1. When mksort works well, it should be faster than qsort because it saves
the cost of comparing duplicated values every time.
2. When all values are distinct at a particular column, the comparison
will finish immediately, and mksort will actually fall back to qsort. For
the case, mksort should be equal or a bit slower than qsort because it need
to maintain more complex state.

Generally, the benefit of mksort is mainly from duplicated values and sort
keys: the more duplicated values and sort keys are, the bigger benefit it
gets.

Analysis on the report in your previous mail
--------------------------------------------

1. It seems the script uses $count to specify the duplicated values:

number of repetitions for each value (ndistinct = nrows/count)

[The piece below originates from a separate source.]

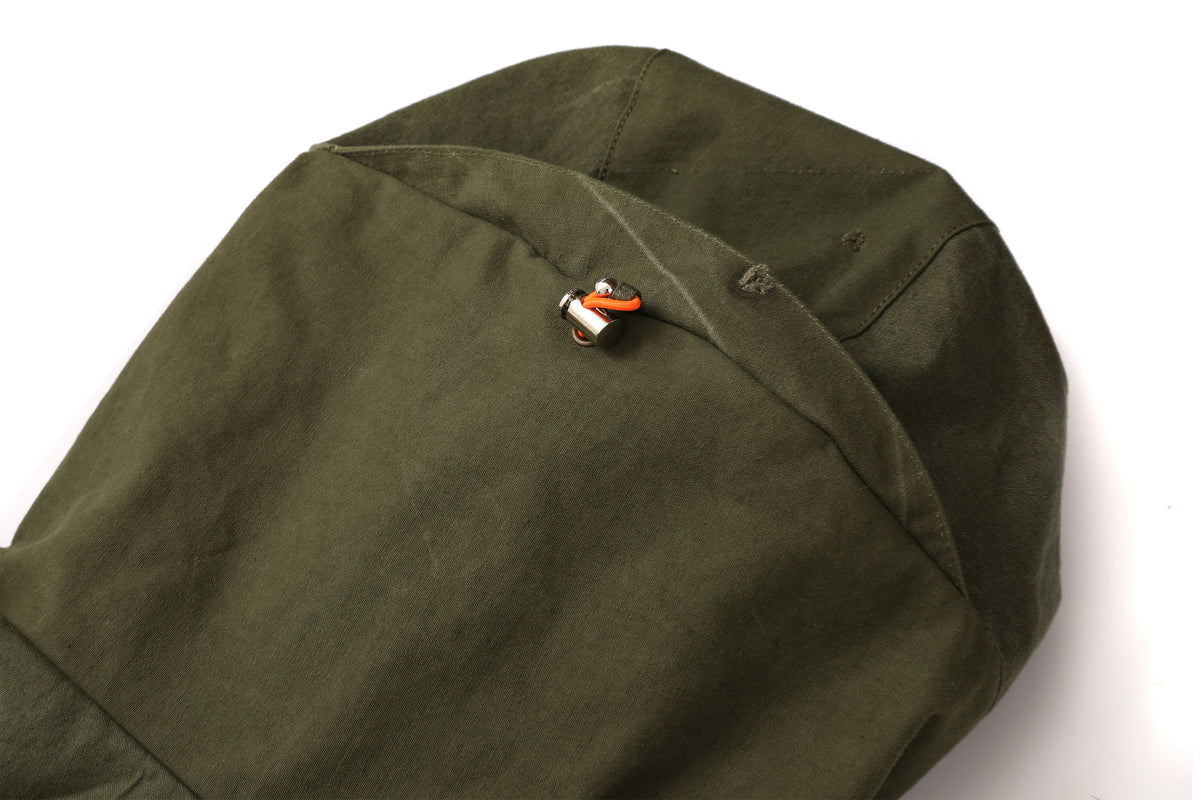 Mountain Parka – product image 5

However, it is not always correct. For type text, the script generates
values like this:

expr="md5(((i / $count) + random())::text)"

But md5() generates totally random values regardless of $count. Some cases
of timestamptz have the same problem.

For all distinct values, the sort will finish at first depth and fall to
qsort actually.

2. Even for the types with correct duplicated setting, the duplicated ratio
is very small: e.g. say $nrows = 10000 and $count = 100, only 1% duplicated
rows can go to depth 2, and only 0.01% of them can go to depth 3. So it still
works on nearly all distinct values.

3. Qsort of PG17 uses kind of specialization for tuple comparator, i.e. it
uses specialized functions for different types, e.g. qsort_tuple_unsigned()
for unsigned int. The specialized comparators avoid all type related checks
and are much faster than regular comparator. That is why we saw 200% or more
regression for the cases.

Code optimizations I did for mk qsort
-------------------------------------

1. Adapted specialization for tuple comparator.
2. Use kind of "hybrid" sort: when we actually adapt bubble sort due to
limited sort items, use bubble sort to check datums since specified depth.
3. Other other optimizations such as pre-ordered check.

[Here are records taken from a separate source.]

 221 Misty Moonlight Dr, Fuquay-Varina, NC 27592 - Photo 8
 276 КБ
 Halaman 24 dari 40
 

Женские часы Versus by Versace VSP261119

Analysis on the new report
--------------------------

I also did some modifications to your script about the issues of data types,
plus an output about distinct value count/distinct ratio, and an indicator
for improvement/regression. I attached the new script and a report on a
data set with 100,000 rows and 2, 5, 8 columns.

1. Generally, the result match the expectation: "When mksort works well, it
should be faster than qsort; when mksort falls to qsort, it should be equal
or a bit slower than qsort."
2. For all values of "sequential" (except text type), mksort is a bit slower
than qsort because no actual sort is performed due to the "pre-ordered"
check.
3. For int and bigint type, mksort became faster and faster when
there were more and more duplicated values and sort keys. Improvement of
the best cases is about 58% (line 333) and 57% (line 711).
4. For timestamptz type, mksort is a bit slower than qsort because the
distinct ratio is always 1 for almost all cases. I think more benefit is
available by increasing the duplicated values.
5. For text type, mksort is faster than qsort for all cases, and
improvement of the best case is about 160% (line 1510). It is the only
tested type in which specialization comparators are disabled.

Obviously, text has much better improvement than others. I suppose the cause
is about the specialisation comparators: for the types with them, the
comparing is too faster so the cost saved by mksort is not significant. Only
when saved cost became big enough, mksort can defeat qsort.

For other types without specialisation comparators, mksort can defeat
qsort completely. It is the "real" performance of mksort.

Answers for some other questions you mentioned
----------------------------------------------

Q1: Why are almost all the cases that got better for a single-column sort?

A: mksort is enabled only for multi column sort. When there is only one
column, qsort works. So we can simply ignore the cases.

Q2: Why did the perf become worse by just reversing the sort keys?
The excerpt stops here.